A computer’s central processing unit (the CPU) is a critical component. Think of the processor as the engine that drives the computer. Faster processors typically equate to quicker execution of commands. What does that mean for Mac users? A faster processor is capable of completing Photoshop edits, for example, more quickly than a slower processor.

Don’t confuse a faster processor with more memory, however. While a faster processor helps a computer execute commands more quickly, memory is responsible for temporarily storing data for processes and executions the CPU is executing.

Thankfully, Apple professionals need not fully appreciate the complexities connecting CPU and memory performance; Mac users can trust that Apple’s engineers have specified optimal computer configurations, while providing customization options. The purpose of this discussion is to help ensure Mac users understand basic CPU terms and make the best choices when selecting from the customization options Apple offers, especially as CPUs (for all practical purposes) can’t be upgraded once a Mac is purchased.
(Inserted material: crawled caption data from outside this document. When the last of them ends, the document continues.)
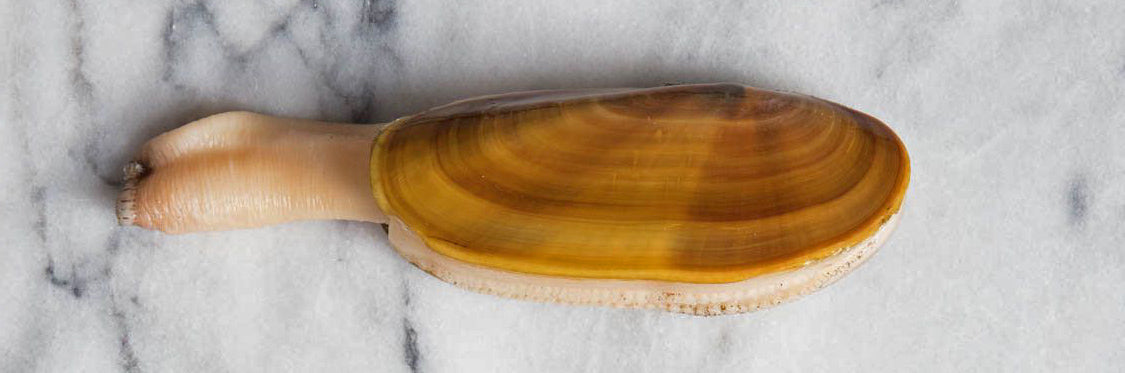 Razor Clam on grey marble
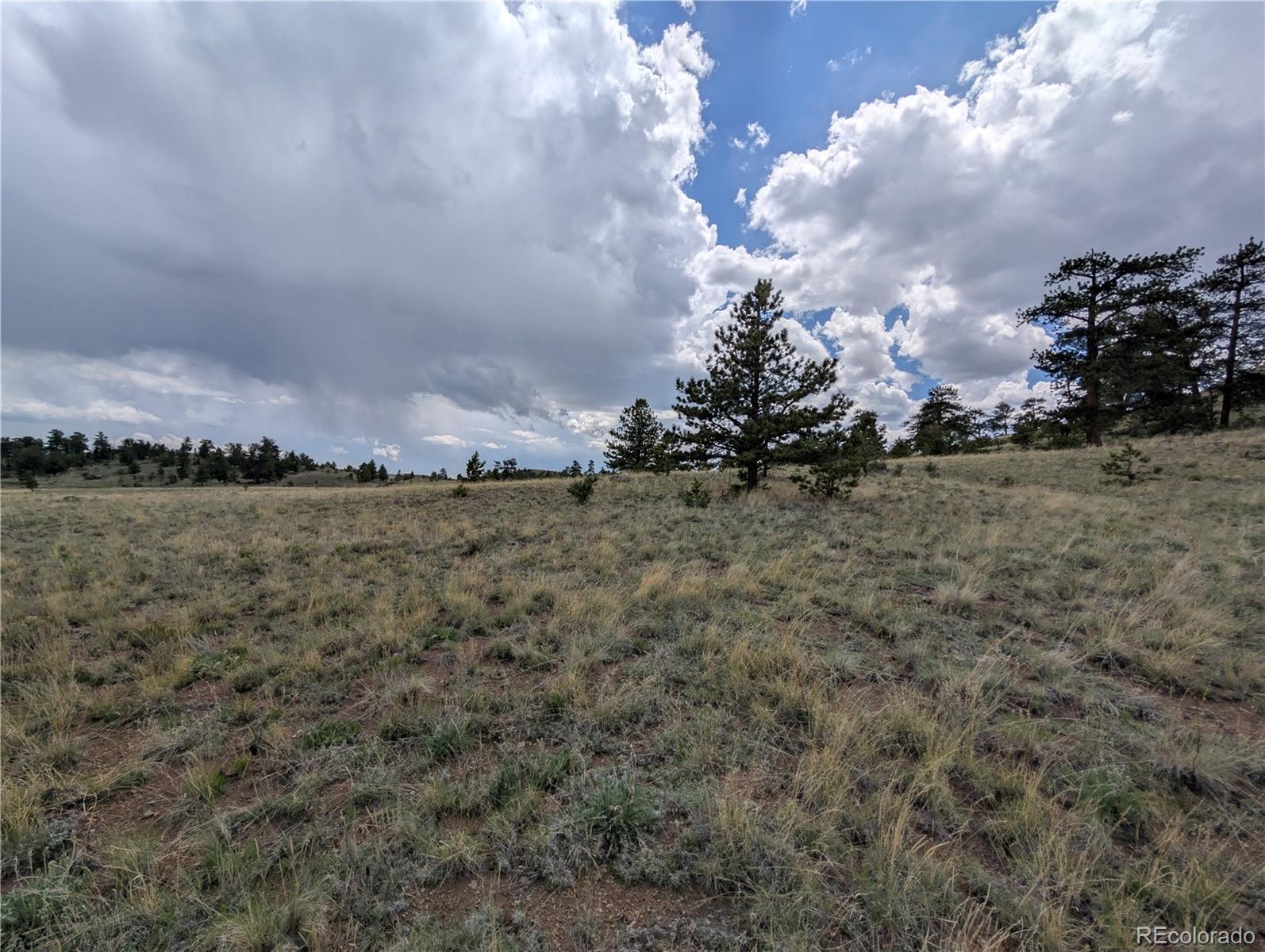 Black Beaver/keechi Road Hartsel, CO 80449 - Photo 20 of 28 Gallery Image 20
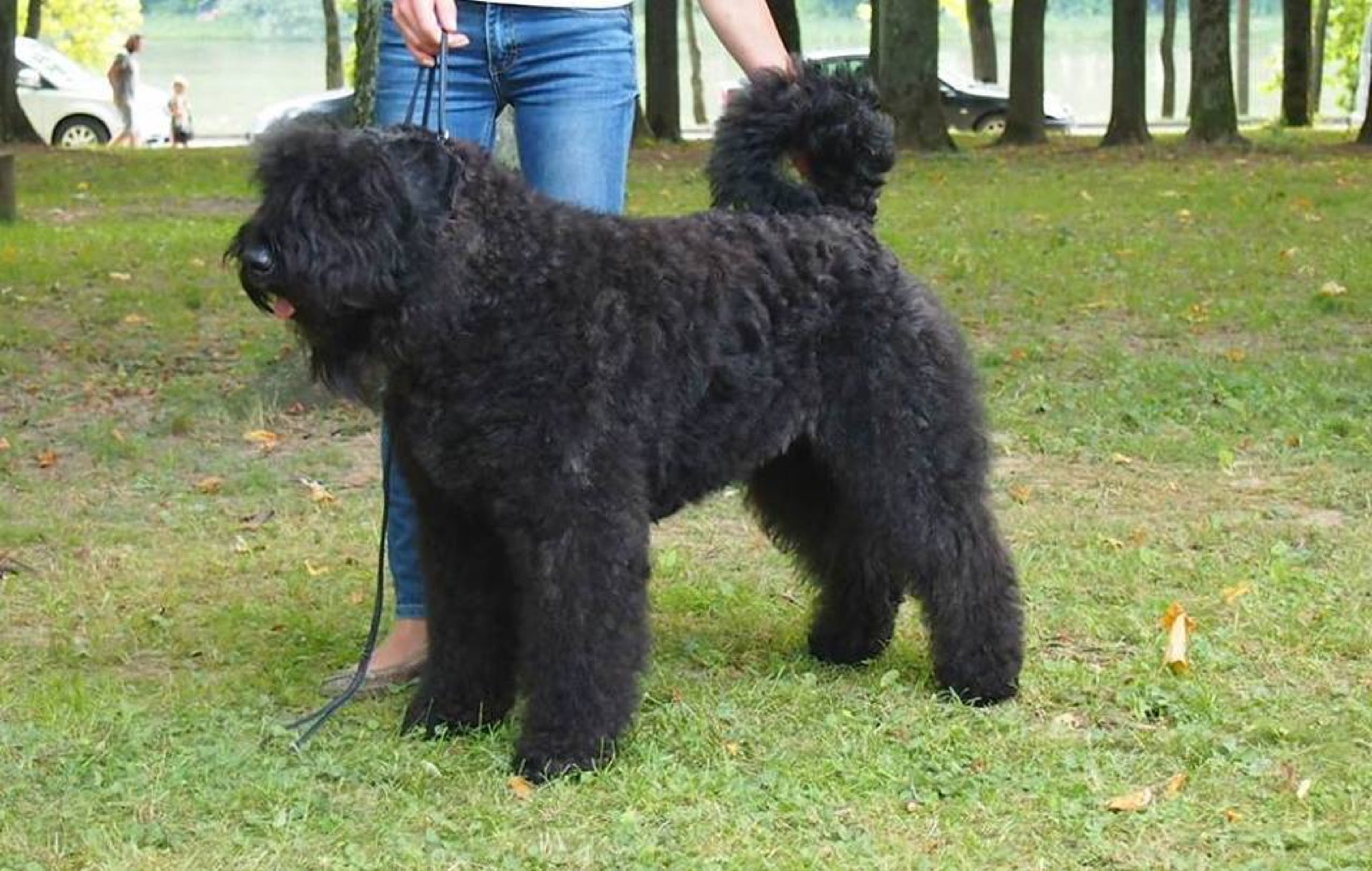 A real Bouvier des Flandres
Processor jargon explained

Likely the first thing most customers notice about a Mac’s CPU when considering which model to buy is the processor’s speed, measured in gigahertz, commonly abbreviated as GHz. The higher the number, the faster the performance. Thus, a 3.1Ghz typically performs remarkably faster than a 1.6GHz CPU.

Here’s where it gets tricky. Modern Mac CPUs possess multiple cores. These multiple cores are two or more independent processing units capable of operating simultaneously. Most Macs possess multi-core processors now.

  • Default MacBook CPU configurations possess dual-core Intel chips.
  • Default MacBook Air CPU configurations, for both 11″ and 13″ models, possess dual-core Intel chips.
  • Default 13″ MacBook Pro CPU configurations possess dual-core Intel chips, while the 15″ models boast quad-core Intel processors.
  • Default 21.5″ iMac CPU configurations provide a choice of either dual-core or quad-core chips, while 27″ iMac models pack quad-core processors.
  • Default Mac Pro CPU configurations provide a choice of either quad-core or six-core higher-end Intel CPUs.
  • Default Mac mini CPU configurations possess dual-core chips.

If you’re unfamiliar with processor specs, the Mac mini’s 2.8GHz Intel Core i5 chip may not appear that much slower than the Mac Pro’s 3.5GHz Intel Xeon processor, but a tremendous performance gap separates the two chips. While the Mac mini’s Intel Core i5 chip boasts two cores, the Mac Pro’s Intel Xeon chip packs six cores. And, before hardcore technicians begin weighing in on clock speed, motherboard performance, memory configuration, hard disk specifications, capacity requirements, multi-threading advantages, and L3 cache dependencies, the purpose of this piece is to help laymen better understand basic CPU terminology. That said, the Intel Xeon chip also boasts significant capacity improvements that place the CPU in a wholly different category designed to better power intense computer processing tasks and applications.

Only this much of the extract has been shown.